Which AI Hallucinates The Most? (And Why You Can't Trust ChatGPT-Style Chatbots)

AI is already impacting our lives and has the potential to develop even further. As amazing as it is though, large language model (LLM) AIs have a pretty big downside. They tend to make outlandish things up and present them as the truth. This phenomenon is known as "AI hallucination," and involves the generative AI coming to the wrong conclusion when scouring its data bank. The models work by finding common themes amongst a huge bank of information and using that to respond to prompts. 

The problem is compounded by the model's ability to "lie" convincingly, which itself is a byproduct of its programming. LLMs are designed to interact with people in a conversational, human-like, fashion. This in itself may make inaccuracies seem more genuine. Then there is also the model's aversion to simply saying "I don't know" and forcing something to fit where it really doesn't. While combatting AI hallucination may take a while, we can at least be more aware of it. Double-checking the information you are being presented should be standard. Bard, one of the most popular chatbots, comes with a "Google It" button which can be used to quickly verify the information the AI is providing.

All bots are prone to this phenomenon, but some are noticeably worse than others. Research group Arthur AI has tested many of the more popular options and ranked them based on how prone they are to hallucination. So, at least you'll know which ones to swerve if you want to improve your chances of not being pulled into some kind of warped robot fantasy.

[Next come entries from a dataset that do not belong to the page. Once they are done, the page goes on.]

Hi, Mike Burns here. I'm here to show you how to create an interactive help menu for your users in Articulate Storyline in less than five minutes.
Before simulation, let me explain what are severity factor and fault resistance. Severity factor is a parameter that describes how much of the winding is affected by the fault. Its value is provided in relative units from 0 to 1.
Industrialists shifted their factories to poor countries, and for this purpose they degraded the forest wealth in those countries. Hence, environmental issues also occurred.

Cohere's model was the worst, GPT-4 the best

The experiment involved a set of "challenging questions" on the following categories: Combinatorial Mathematics, U.S. Presidents, and Moroccan Political Leaders. The AI's effort, which consisted of three responses to each question, would be compared to a pre-prepared and accurate answer. The models tested were: OpenAI's GPT-3.5 and GPT-4, Claude-2 from Anthropic, Llama-2 from Meta, and the Command model from Cohere. You may notice a couple of omissions. Neither Google's Bard nor anything from Amazon was part of the experiment.

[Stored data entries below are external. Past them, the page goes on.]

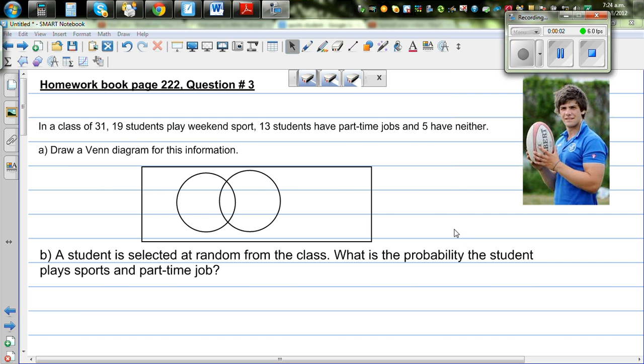In a class of 31, 19 students play weekend sports, 13 students have part-time jobs, and 5 have neither. Draw a Venn diagram.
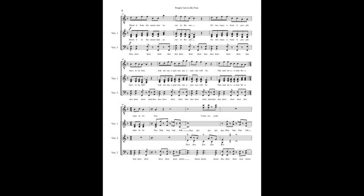Shout it from the mountain on out to the sea, no two ways about it people have to be free, asking my opinion, my opinion will be, natural situation for them to be free.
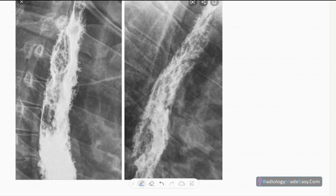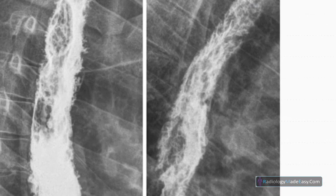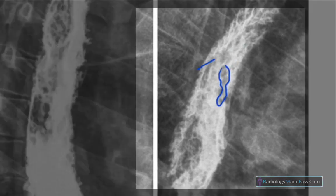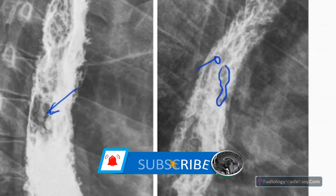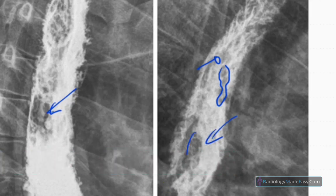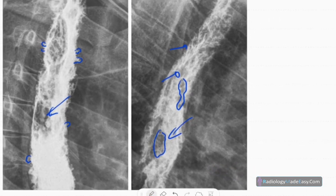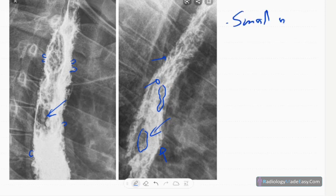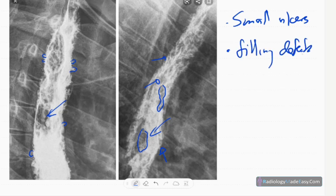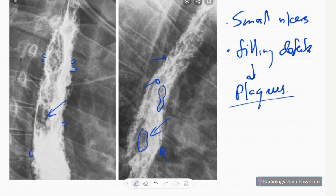There are a few abnormalities in the spot images. You can see some linear filling defects here, and also some linear filling defects here as well. Apart from those filling defects, there are outpouchings of contrast into the lumen — multiple small outpouchings. Those are small ulcers, and there are also filling defects due to plaques or projections from the wall.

Still, the results were seemingly clear. GPT-4 was the most accurate AI tested, beating its predecessor GPT-3.5 along with every other AI in the pool. The model had an accuracy rate of 50% or better in two of the three categories, only producing more hallucinations than correct answers on the topic of U.S. Presidents. The same could not be said for Cohere's Command Model. Its response was a hallucination almost every time, with only four out of 33 correct answers on the topic of U.S. Presidents, and nothing but pure hallucination when it came to the other two subjects.

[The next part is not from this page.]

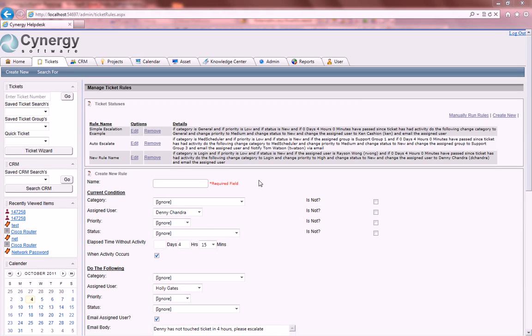Synergy Software also has a ticketing rules engine. That means it will escalate the ticket if it hasn't been touched in so many hours or minutes.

Claude-2 and Llama-2 were the most likely to abstain from answering, rather than risk a hallucination, and both did so heavily on the subject of Moroccan Political Leaders. Claude-2 also outperformed GPT-4 on the subject of U.S. Presidents. While Cohere's model may have been the most prone to hallucination, GPT-3.5 wasn't far behind. So be careful if you're a fan of the free version of ChatGPT.